Generally speaking, the bank’s forecasts for the remainder of the year reflect a downbeat take on the prospects for growth and trade in an environment rife with uncertainty.

“Our DM and EM growth forecasts remain below consensus, even though consensus has come down significantly this year”, the bank writes. Specifically, BNP sees growth slowing “further below” 3% next year. Naturally, export-reliant economies are projected to suffer the most.

(BNP)

Note that the bank’s outlook for global growth both for 2019 and 2020 is well below that of the IMF, whose own forecasts are the lowest since the crisis.

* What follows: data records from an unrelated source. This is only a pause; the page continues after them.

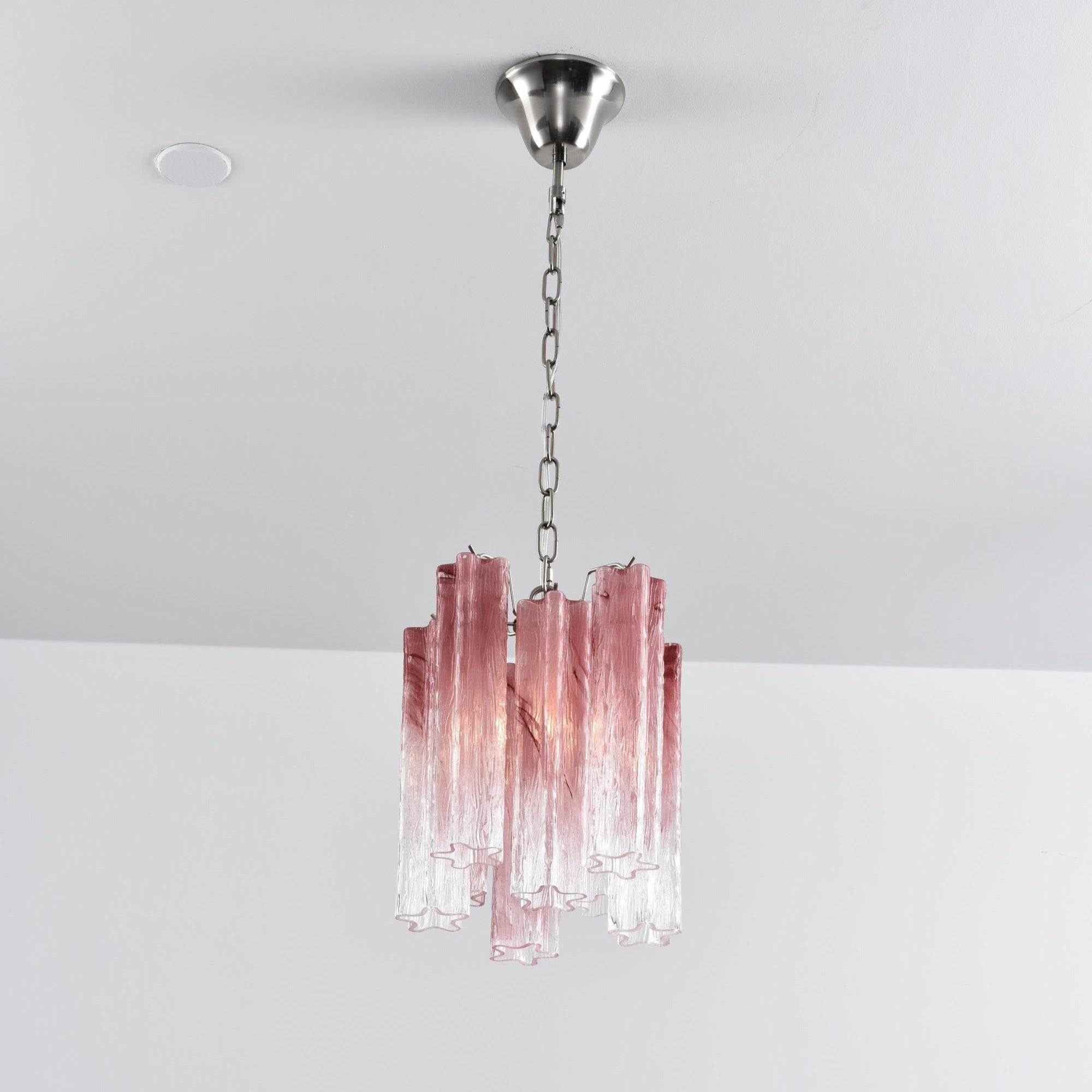 Lioroella Chandelier Pink Gradient Murano Glass
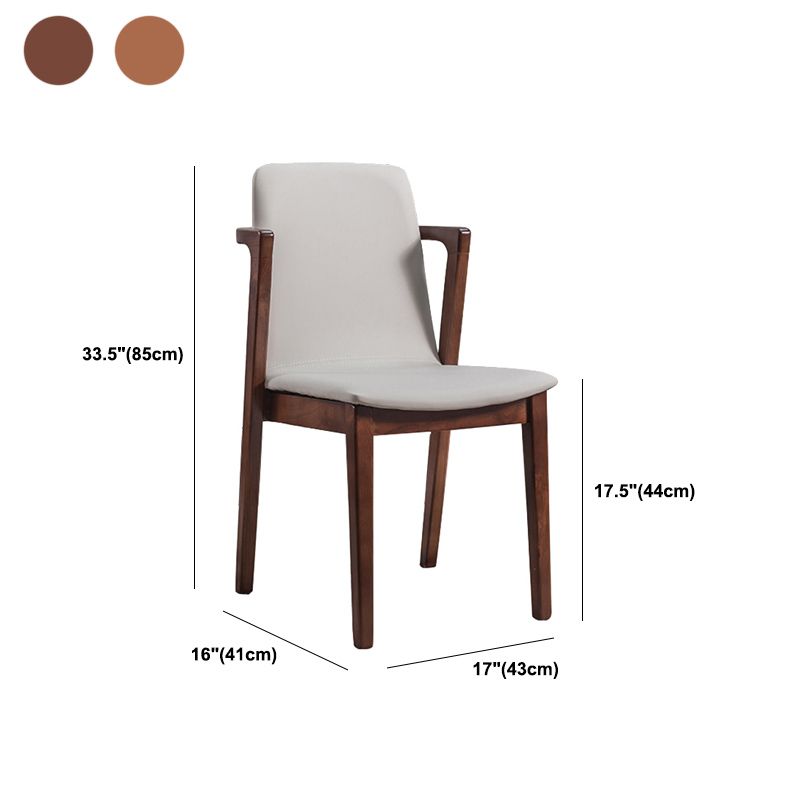 Traditional Solid Wood Dining Room Chair Upholstered Dining Arm Chair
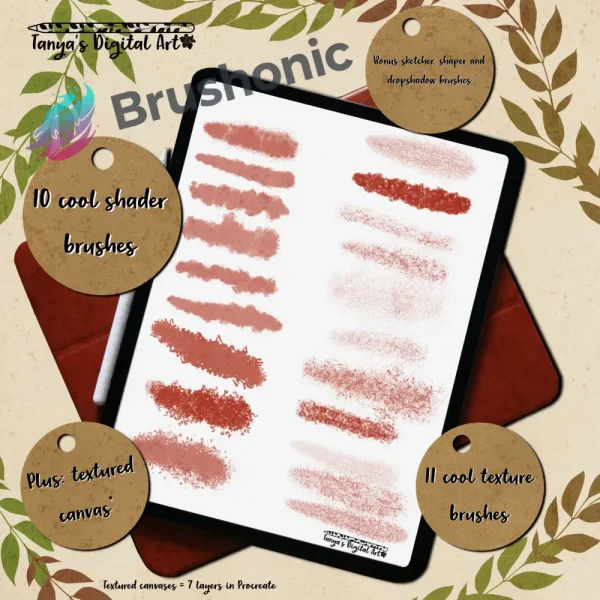 Tanya’s Texture Brush Set for Procreate – Free Sample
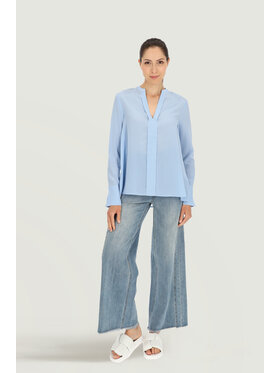 Deni Cler Milano Deni Cler Milano Bluzka T-DC-1427-E2-80-51-1 Błękitny Loose Fit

As of the July update, the IMF saw the global economy expanding 3.2% in 2019, down from 3.3% in April and 3.5% in January. The outlook for 2020 was cut to 3.5% from 3.6% three months previous. It was the fourth time the Fund had slashed its outlook in the space of nine months.

If you ask BNP, global rates will either drop or, at best, “remain close to current lows”.

Developed economies will continue to face the prospect of “Japanification” and that, in turn, means “central banks [will] react with more easing”. The bank sees the ECB delivering “a package announcement including rate cuts with tiering and QE”, while the Fed will cut rates four more times “by mid-2020”.

Unsurprisingly, BNP is concerned about the potential for the global factory downturn to bleed over into the services sector and, eventually, the labor market. “The slowdown in manufacturing and trade has proved to be deeper and more prolonged than expected”, the bank laments, cautioning that “there is increasing evidence that this weakness is spilling over”.

(BNP)

Their Q4 forecast for US growth is particularly worrisome. The bank sees the US economy growing at just a 0.9% annualized rate from October through December and they believe the Fed will remain somewhat reluctant to ease aggressively. That means more flattening pressure on the curve.

“As we do not expect the FOMC to cut aggressively this year (we forecast a 25bp cut in September and another 25bp in December), we expect the market to trade ahead of Fed expectations with a long-end led rally”, BNP says, on the way to predicting that 10-year yields in the US will fall to just 1% by the end of this year.

“The increasing number of negative-yield bonds elsewhere in the world and the drop in FX hedging costs are likely to support demand for Treasurys even as yields decline”, the bank goes on to muse.

They also say that while falling real rates would support risk assets (e.g., stocks) all else equal, this is a time when all else is not, in fact, equal. “In our opinion, whilst a fall in real rates is supportive for risky assets, current economic and financial conditions are less supportive, where bonds will benefit”, the bank says.

Meanwhile, UBS slashed their year-end outlook for 10-year US yields to 1% as well. “This revision reflects our lower global growth forecasts in particular the downgrades to the US, China and Europe”, the bank’s Chirag Mirani writes. They see benchmark yields stateside ending 2020 at just 1.25%.